AS FOLHAS
(Humberto de Campos)
Lançados para longe da pátria pelos movimentos revolucionários que estalaram depois da guerra, o conde Ricardo e o príncipe Romualdo conversavam, displicentes, naquele começo de verão oriental, à sombra do grande plátano do parque do hotel, trocando ideias e fazendo comentários discretos sobre a situação política dos países em que haviam reinado. Estirados nas suas cadeiras de viagem, mostravam, ambos, um profundo desinteresse pelas coisas vulgares do mundo. E era por isso que, de vez em quando, mergulhavam em silêncio profundo, quedando a acompanhar com os olhos, melancólicos e soturnos, as oscilações da fumaça clara que atiravam, preguiçosos, para o ar.

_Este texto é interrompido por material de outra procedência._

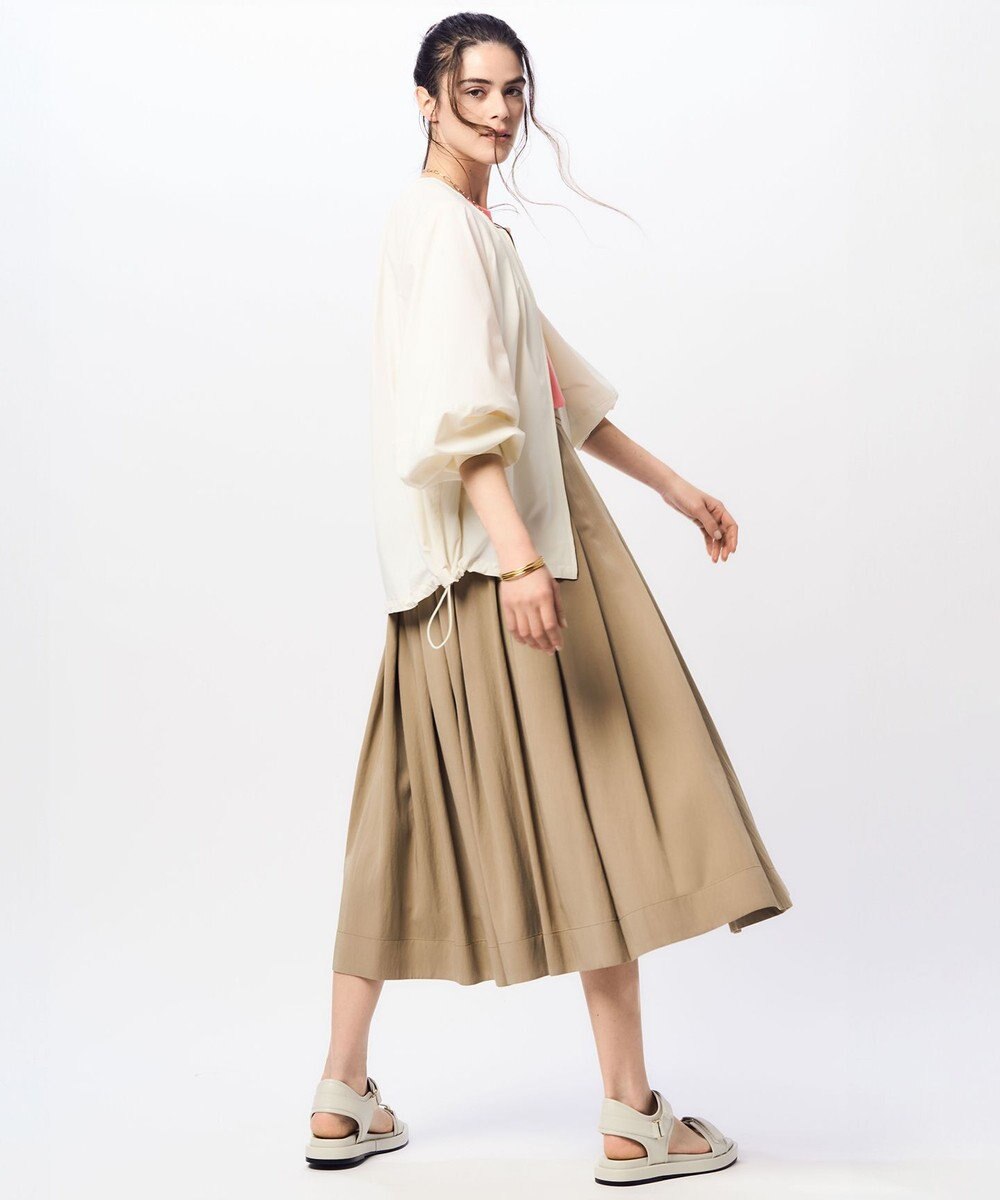 23区 S 【洗える/撥水加工】ナイロン2WAYストレッチ  ブルゾン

O dia estava morno, quieto, parado, anunciando para a noite uma nova tempestade do Deserto. E era nisso que pensavam os dois fidalgos ilustres, despojos elegantes de dois tronos desmoronados, quando o príncipe começou a seguir com os olhos, uma a uma, as folhas amarelas que se desprendiam da árvore, e que se vinham espalhar no chão, estendendo pelo solo um crespo tapete de topázio. De repente, lançando para o espaço uma nuvem de fumaça cheirosa, o príncipe observou, alisando a barba negra e cerrada:
— Como os homens se assemelham às árvores!...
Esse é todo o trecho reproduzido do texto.